That matches $\sin 75°$ from the Quick example — because $\cos 15° = \sin 75°$ via the cofunction identity. The two routes converge.

In the McKinney TX Grade 11 cohort, this is the most-missed first-attempt problem on identity-evaluation drills — roughly six out of every ten students copy the sign from the angle operation onto the formula, especially when the topic was just introduced and the cosine flip hasn't stuck yet.

Stretch. Compute $\tan 105°$ exactly. Express in radians as well.
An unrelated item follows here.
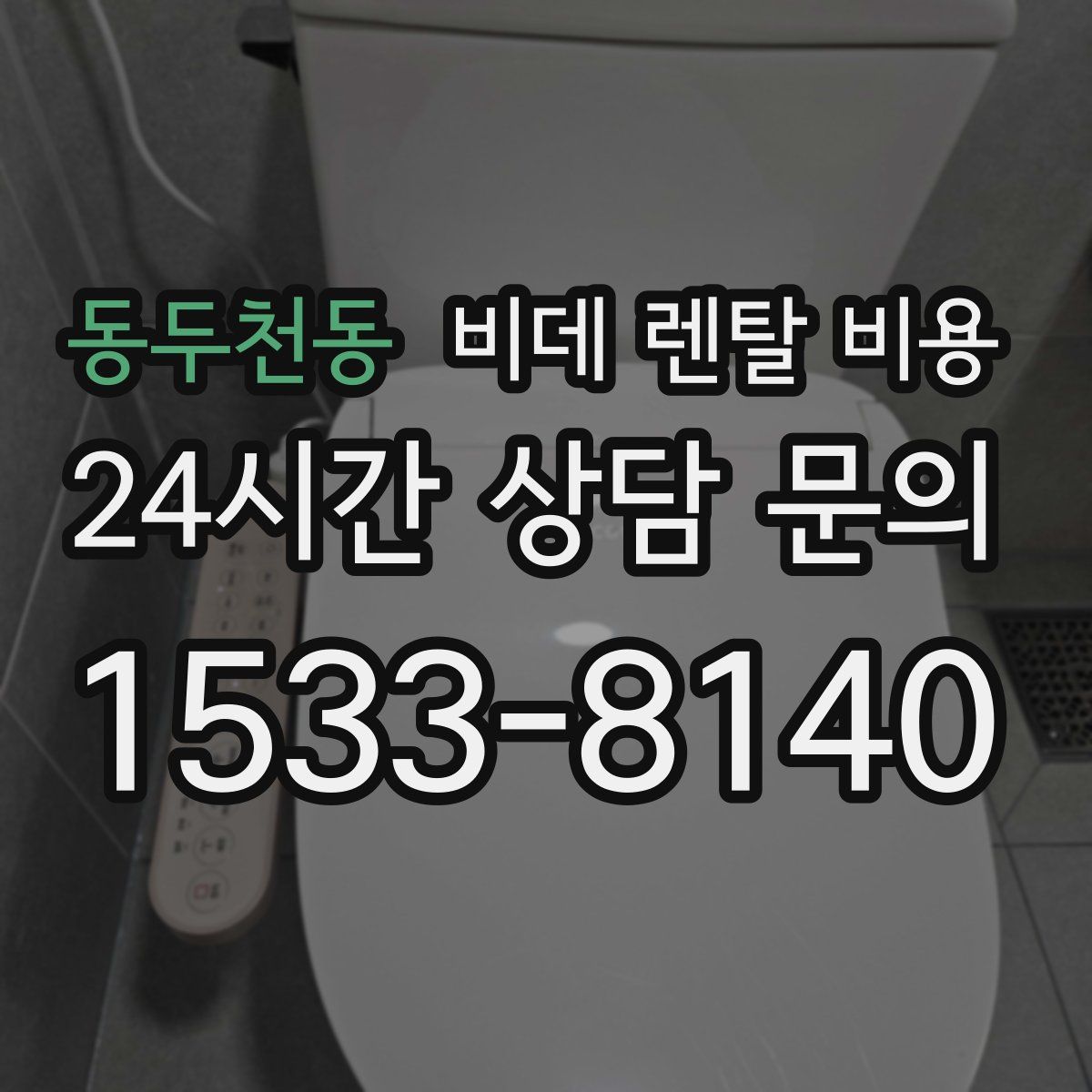 동두천동 비데 렌탈 비용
Write $105° = 60° + 45°$, and apply the tangent sum formula:

$$\tan(60° + 45°) = \dfrac{\tan 60° + \tan 45°}{1 - \tan 60° \tan 45°}.$$

Substitute $\tan 60° = \sqrt{3}$, $\tan 45° = 1$:

$$\tan 105° = \dfrac{\sqrt{3} + 1}{1 - \sqrt{3} \cdot 1} = \dfrac{\sqrt{3} + 1}{1 - \sqrt{3}}.$$

Rationalise: multiply numerator and denominator by $(1 + \sqrt{3})$:

$$\tan 105° = \dfrac{(\sqrt{3} + 1)(1 + \sqrt{3})}{(1 - \sqrt{3})(1 + \sqrt{3})} = \dfrac{\sqrt{3} + 3 + 1 + \sqrt{3}}{1 - 3} = \dfrac{4 + 2\sqrt{3}}{-2} = -2 - \sqrt{3}.$$

In radians, $105° = 7\pi/12$.

Final answer: $\tan 105° = -2 - \sqrt{3} \approx -3.732$.

The negative sign makes sense — $105°$ is in the second quadrant where tangent is negative.
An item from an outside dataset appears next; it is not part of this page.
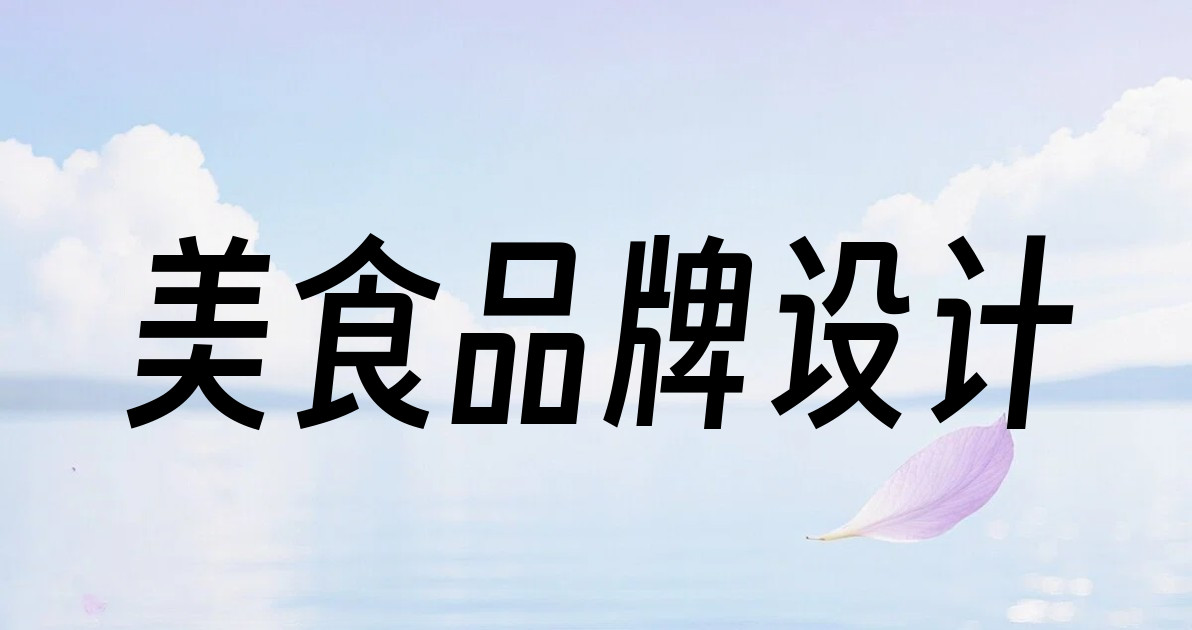 美食品牌设计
Where Sum and Difference Identities Carry Real Weight

These identities aren't memorisation drill — they enable engineering and physics calculations whose direct routes are intractable.

• Signal processing — modulation theory. Amplitude modulation in AM radio is mathematically a product of two cosines: $\cos(\omega_c t) \cos(\omega_m t)$. The product-to-sum identity (derived from the cosine difference and sum formulas) rewrites this as $\tfrac{1}{2}[\cos((\omega_c - \omega_m)t) + \cos((\omega_c + \omega_m)t)]$ — the carrier and the two sidebands. The whole concept of "bandwidth" depends on this rewrite.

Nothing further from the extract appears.